Segment Open

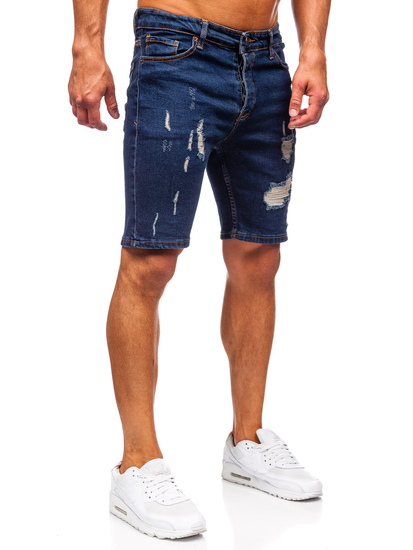 Pantaloni scurți din denim pentru bărbați bleumarin Bolf 0785
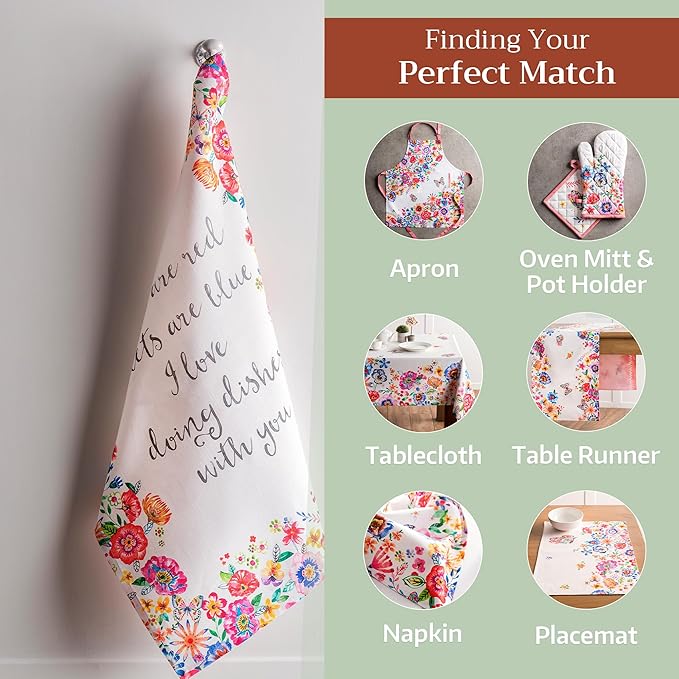 Maison d' Hermine Kitchen Towels Set of 3 100% Cotton 27.50" x 20" Reusable Cloth Tea Dish Towels Absorbent with Hanging Loop for Farmhouse Hotel Spring Summer - Happy Florals - High Summer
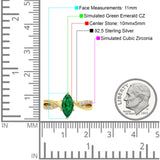 Marquise Art Deco Infinity Wedding Engagement Ring Simulated Cubic Zirconia 925 Sterling Silver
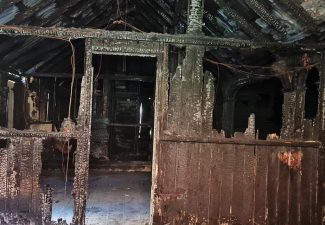 Inside of Godet house after fire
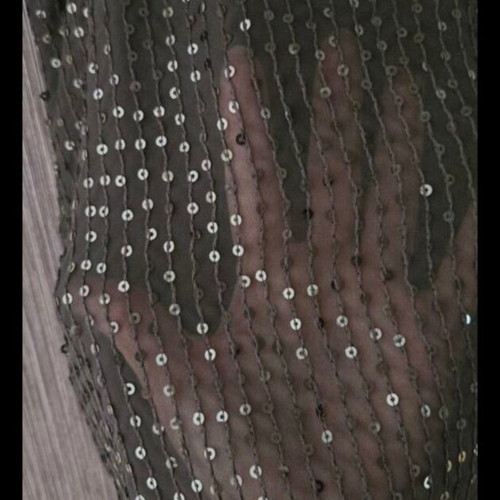 Promod black sleeveless top with sequins, one size, double fabric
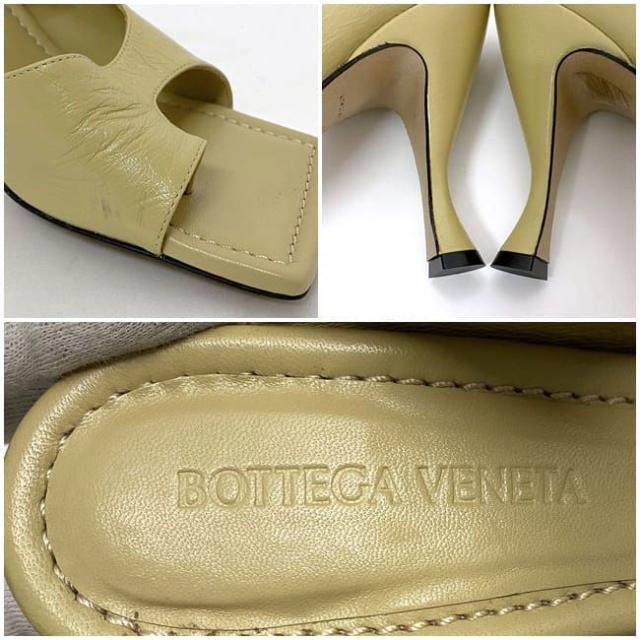 ボッテガヴェネタ ヒール サンダル ec-21730 イエローベージュ 610521 VBSH0 9483 37 24.0cm 美品 レザー 中古 BOTTEGA VENETA アパレル スクエア ピンヒール レディース シューズ 人気 定番 お洒落 黄色 上品 革 シンプル 女性 ブランド 本物 鑑定済み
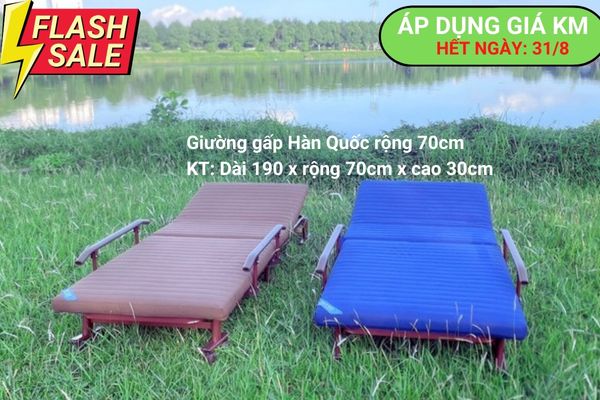 Giường gấp Hàn Quốc RAKUBED rộng 70cm. Giá KM áp dụng đến 30/8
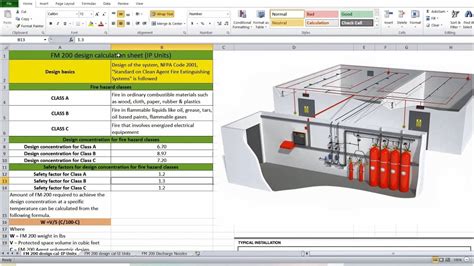 FM 200 fire suppression system design calculation using excel sheet and ...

Segment Closed

## [What you have to do]
Reproduce all entries above exactly, minus the images.

## [Task output]
 Pantaloni scurți din denim pentru bărbați bleumarin Bolf 0785
 Maison d' Hermine Kitchen Towels Set of 3 100% Cotton 27.50" x 20" Reusable Cloth Tea Dish Towels Absorbent with Hanging Loop for Farmhouse Hotel Spring Summer - Happy Florals - High Summer
 Marquise Art Deco Infinity Wedding Engagement Ring Simulated Cubic Zirconia 925 Sterling Silver
 Inside of Godet house after fire
 Promod black sleeveless top with sequins, one size, double fabric
 ボッテガヴェネタ ヒール サンダル ec-21730 イエローベージュ 610521 VBSH0 9483 37 24.0cm 美品 レザー 中古 BOTTEGA VENETA アパレル スクエア ピンヒール レディース シューズ 人気 定番 お洒落 黄色 上品 革 シンプル 女性 ブランド 本物 鑑定済み
 Giường gấp Hàn Quốc RAKUBED rộng 70cm. Giá KM áp dụng đến 30/8
 FM 200 fire suppression system design calculation using excel sheet and ...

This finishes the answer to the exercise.